Active military three times more likely to have identity stolen and bank hacked, according to FTC

The I-Team found active and retired military members are at risk for fraud and cyber attacks
Posted at 9:51 AM, Jul 25, 2023
and last updated 2023-07-25 10:51:26-04

MILWAUKEE — July is Military Consumer Protection Month and the state's consumer protection agency is warning active and retired military members to stay vigilant when it comes to identity theft, fake job postings, and more.

Wisconsin native Bryan Sevener served in the Army for eight years including a year-long tour in Iraq.

"The challenge continues to be transitioning, going from military to civilian," Sevener explained.

Sevener said the transition is even more difficult as folks try and take advantage of active and retired military. According to the Federal Trade Commission, active service members are three times more likely than other Americans to have their bank accounts hacked or personal information stolen.
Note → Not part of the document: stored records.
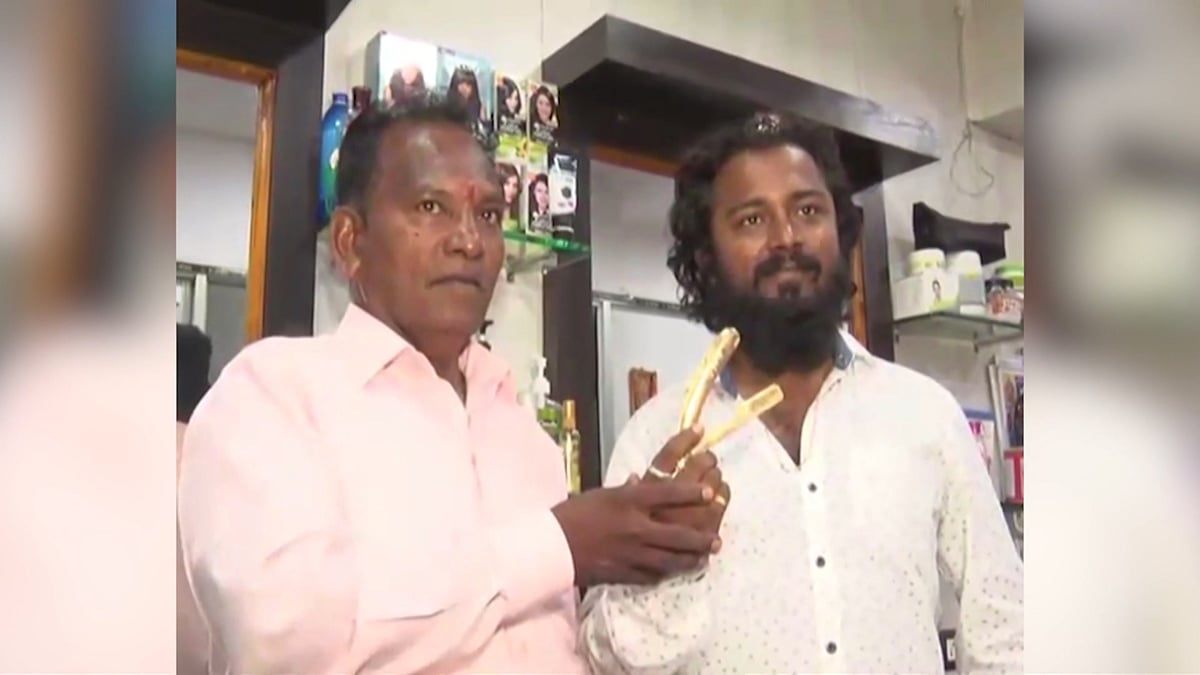 Ram Chandra Kashid, who runs Ustara Men’s Salon in Sangli, Maharashtra shaves with a golden razor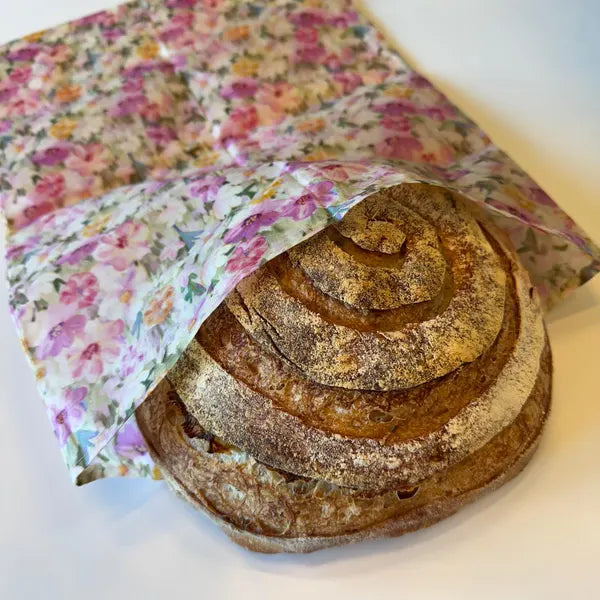 Loaf of sourdough bread wrapped in a floral beeswax cotton bag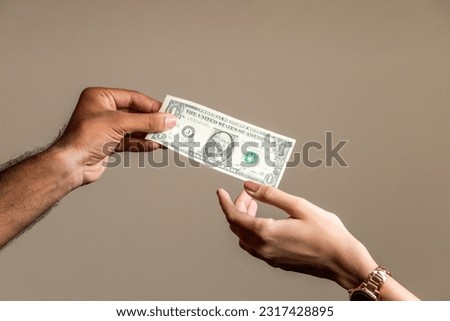 Hand of a young man giving one dollar to a women.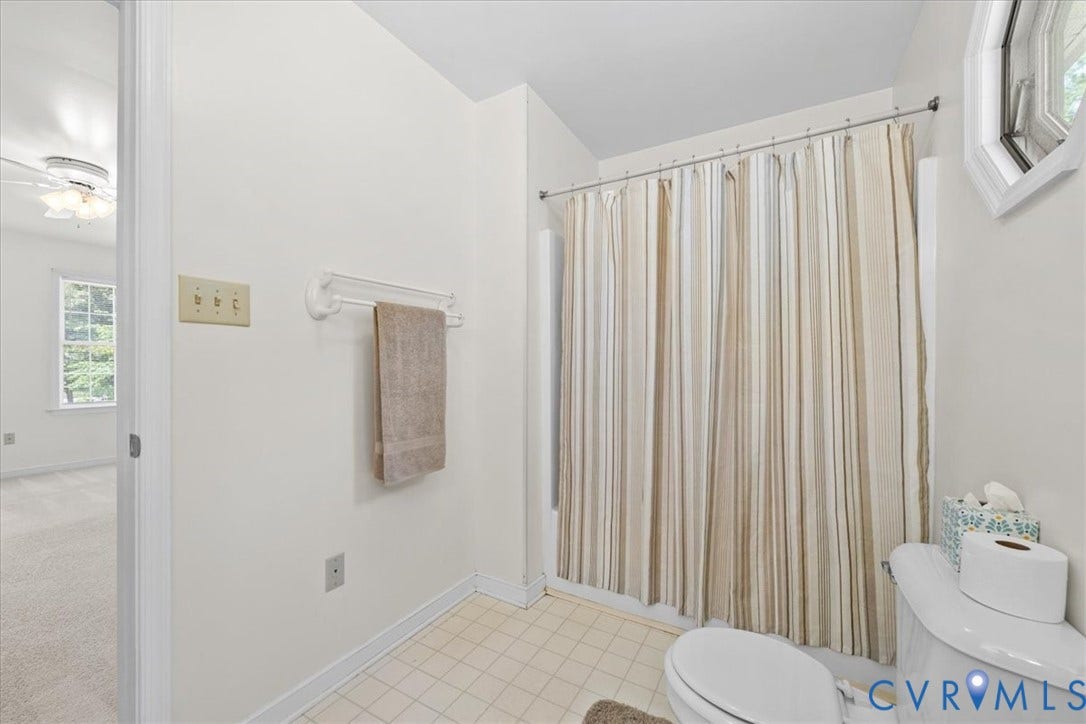 2924 Warfield Ridge Terrace, Chester, VA 23831 Bathroom featuring a shower with a striped curtain, a white toilet, and a hexagonal window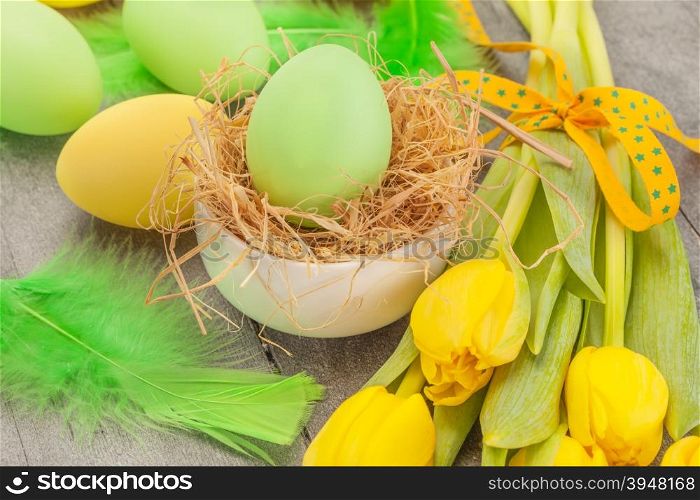 Photo of easter eggs and yellow tulips over wooden table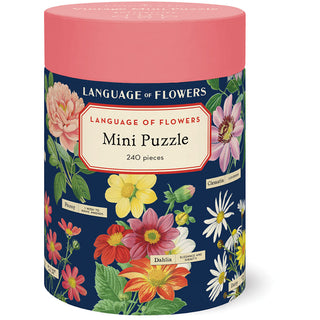 The Cavallini & Co. Language of Flowers | 240 Piece Jigsaw Puzzle comes in a cylindrical box with vibrant floral artwork from the Cavallini archives on navy blue and includes a biodegradable storage bag.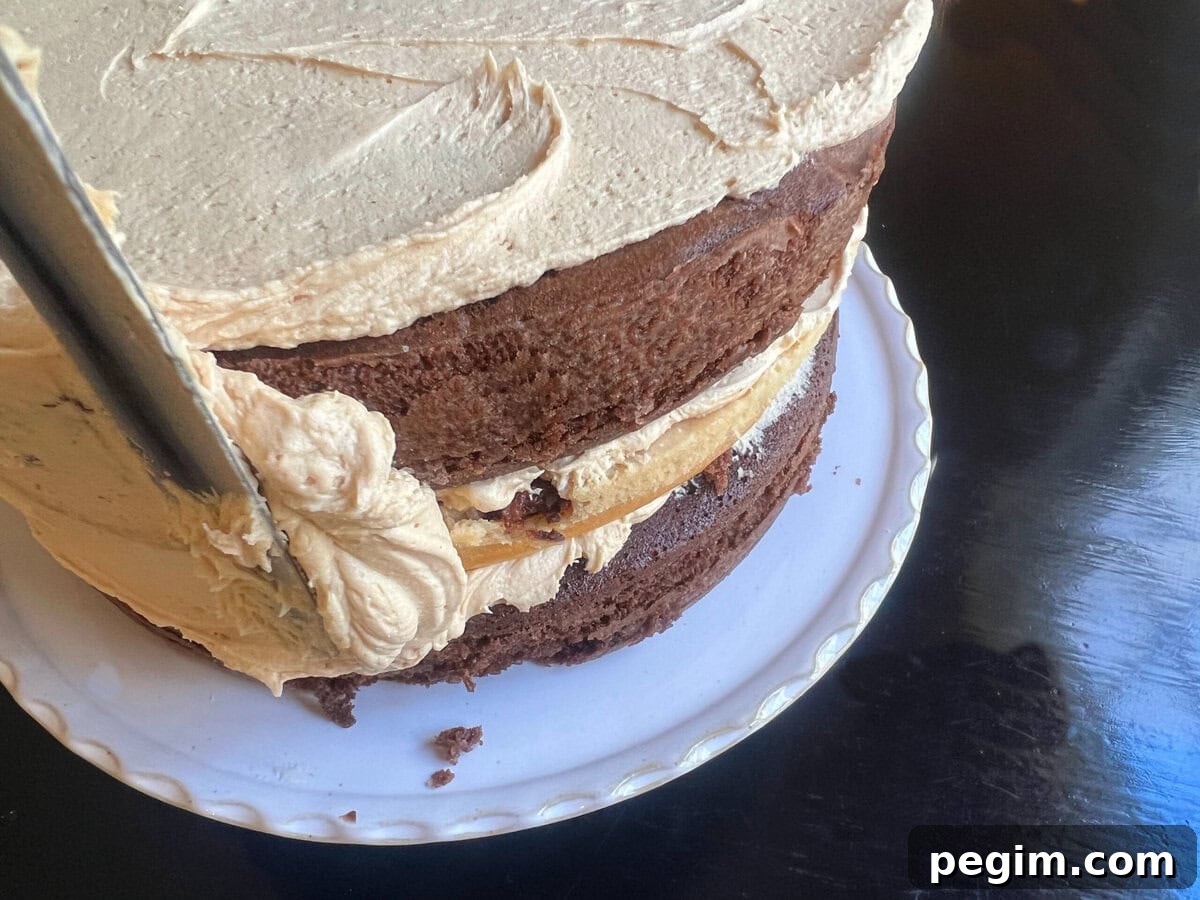 Frosting the cake.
"There's that constant, steady payroll that you know is going to happen twice a month, and scammers know there's a steady stream of income coming in," Michael Domke said.

Domke's with the Department of Agriculture, Trade and Consumer Protection. He said that the interception of paychecks is just one-way people are falling victim. He said it's best to double check you're receiving those biweekly payments and be leery of suspicious phone calls or emails regarding pay.

"You want to not respond right away and go to a verified source. With the military, that's a perk of being in the service. You have a more direct line into making sure you can verify what's happening," Domke explained.

Domke said the state's consumer protection bureau has also seen reports of fake housing listings near military bases, fake job postings targeting recent veterans, and even fake charities claiming to support the military.

"It doesn't surprise me at all. It does irritate me quite a bit," Sevener said.

Sevener said he sees this happening firsthand.

"With me having a veteran-owned company, I do see scams targeted at us. Specifically, around government contracting, government jobs," Sevener added.

Both Domke and Sevener said it's best to go directly to your military point of contact if anything seems off. If you believe you've fallen victim to a scam you can contact your local Veterans Affairs office or DATCP.